災害時に井戸を活用 姫路・野里で防災マップ設置

 災害時に家庭の井戸水を生活用水として活用しようと、姫路市の野里地区連合自治会(金井利孝会長)が井戸をしるした防災マップのパネル製作に取り組み、1月中に81枚を設置する。江戸時代からの町家が残る同地区には多くの井戸が現在でも使われており、役員らは「阪神・淡路大震災や佐用町の水害では、水道の復旧に時間がかかった。地域に眠る豊かな資源を活用できるように備えたい」と話している。

 同自治会は、山崎断層帯地震などの大規模災害時に、公的機関が混乱しても地域で自立して助け合うことを目標に、2008年度から防災活動を始めた。08年秋には電気、ガスの寸断を想定し、野里小学校で炊き出し訓練を実施。大きな鍋がある家を探し、倒壊家屋の廃材に見たてた木材をくべて食事を作った。

 次の課題は水の確保。野里地区では町家の中庭などに井戸が掘られ、今でも飲用や風呂、洗濯に使う人は珍しくないというが、市が1998年から募集を始めた災害時市民開放井戸にはわずか11カ所しか登録されていなかった。

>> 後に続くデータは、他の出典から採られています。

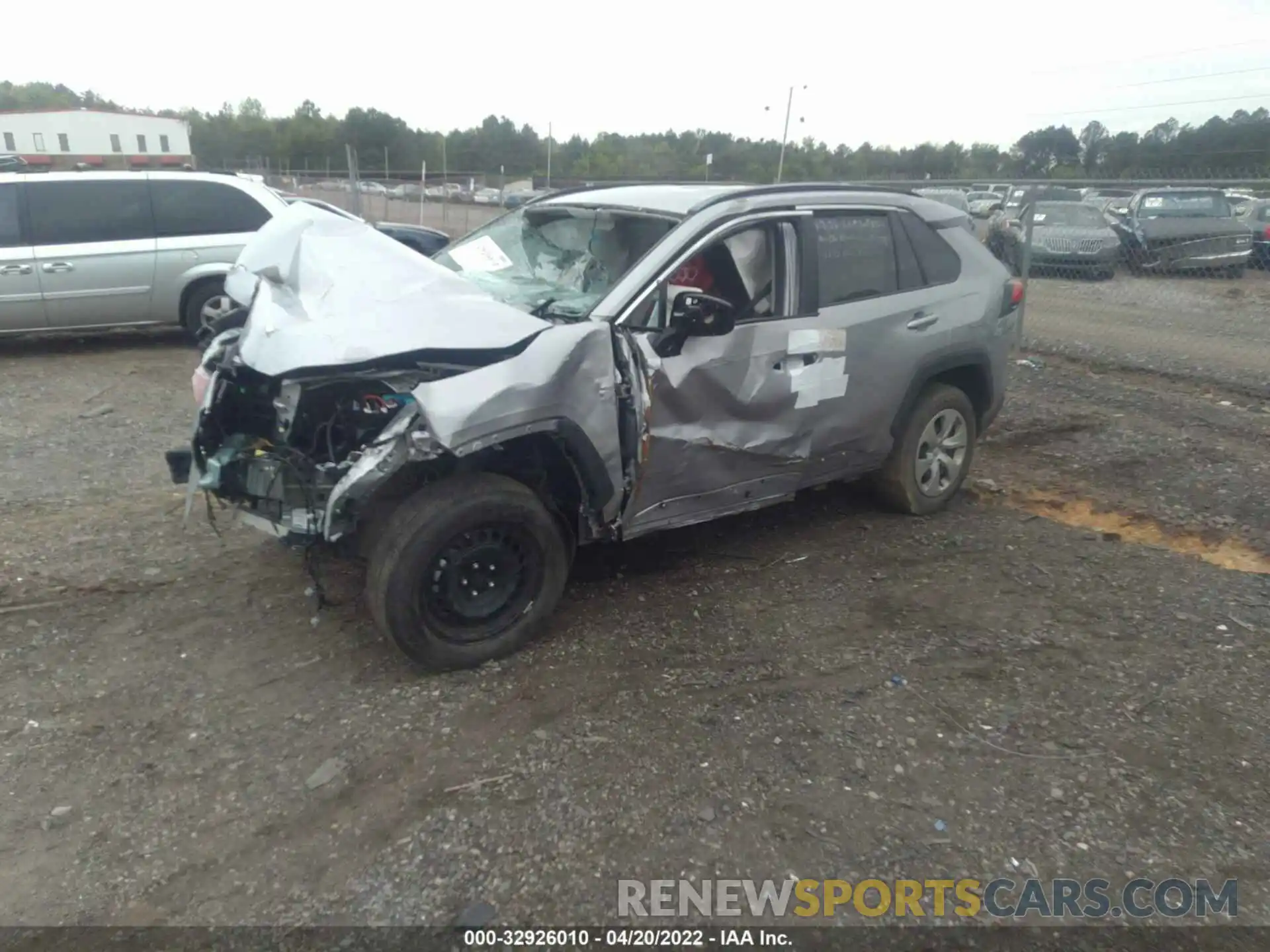 2 Photograph of a damaged car 2T3H1RFV0MC097128 TOYOTA RAV4 2021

 昨年9月に連合傘下の29自治会を通じて井戸探しを呼び掛けると、49カ所が新たに登録に応じた。自治会では井戸に加え農業用水など、地域の水資源をしるした詳細な地図にし、地区内を81枚に分けてパネルを製作。2月までに街角の掲示板に張り終えるという。

 金井さんは「井戸を探す中で役員が災害弱者と顔見知りになったり、住民の防災意識も高められたりと一石二鳥。近隣の井戸を共有して使えば、まさに“井戸端会議”で水以外の助け合いも生まれるきっかけになるのでは」と期待している。

(直江 純)

【災害時市民開放井戸】

 災害時に井戸水を水洗トイレや風呂などに使う生活用水として開放する制度。災害時は水質が変化しやすいため、原則として飲用には使わない。姫路市では無料で水質検査が受けられ、現在1518カ所が登録している。